• **AVAILABLE DATA**:
- Opening Delimiter -
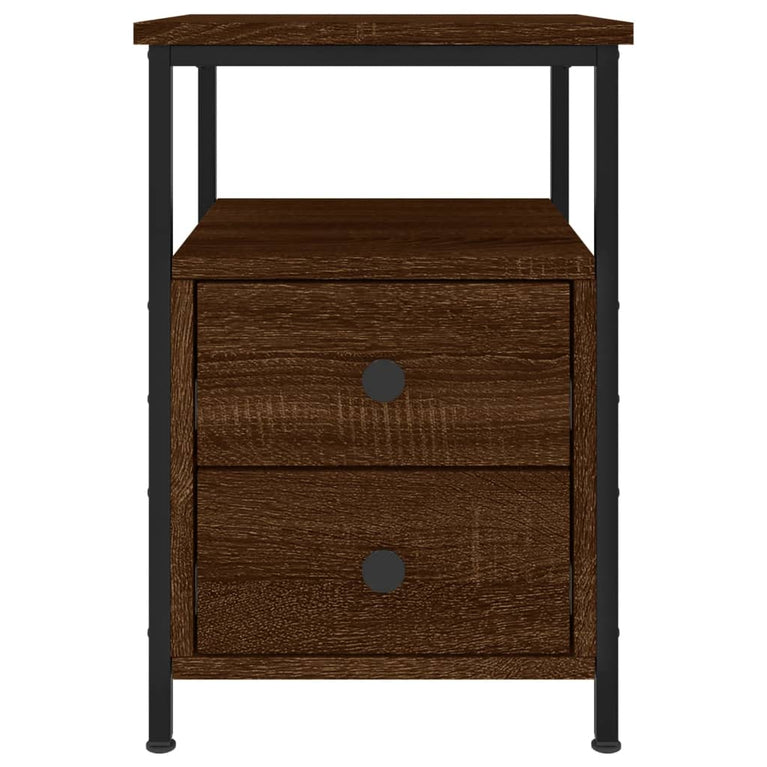 Nachtkastjes 2 st 34x35,5x50 cm bewerkt hout bruin eikenkleur MeubelReus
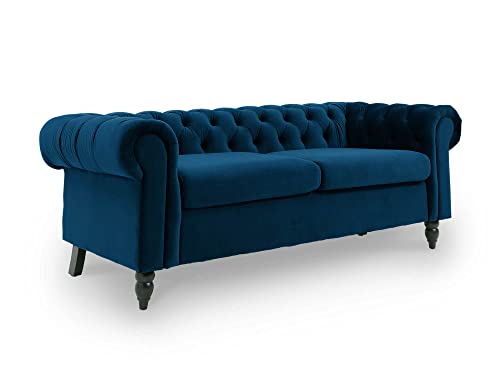 Deco In Paris Canapé Chesterfield 3 Places en Velours Bleu Winston Deco In Paris Canapé Chesterfield 3 Places en Velours Bleu Winston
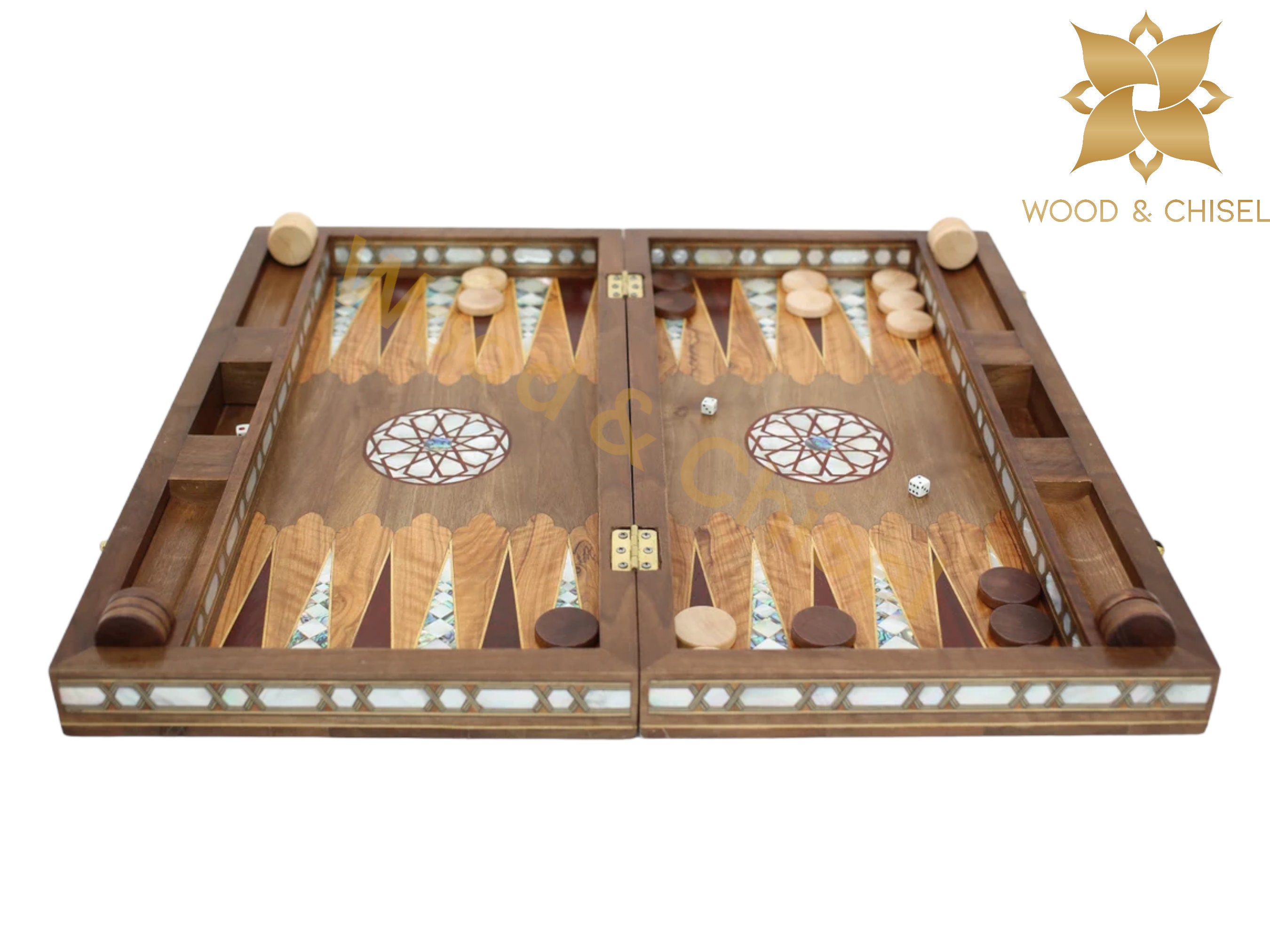 KASFDBMO Dés Nacrés Pour Backgammon – Acrylique, Deux Tailles (16 Et 22 Mm), Ensemble élégant Pour Jeux Et Fêtes, 40 G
- Closing Delimiter -
• **WHAT YOU WILL DO**:
Pictures aside, reproduce exactly the lines from the one containing "Bleu Winston Deco" to the end of the listing above, both ends included.

• **WRITTEN ANSWER**:
 Deco In Paris Canapé Chesterfield 3 Places en Velours Bleu Winston Deco In Paris Canapé Chesterfield 3 Places en Velours Bleu Winston
 KASFDBMO Dés Nacrés Pour Backgammon – Acrylique, Deux Tailles (16 Et 22 Mm), Ensemble élégant Pour Jeux Et Fêtes, 40 G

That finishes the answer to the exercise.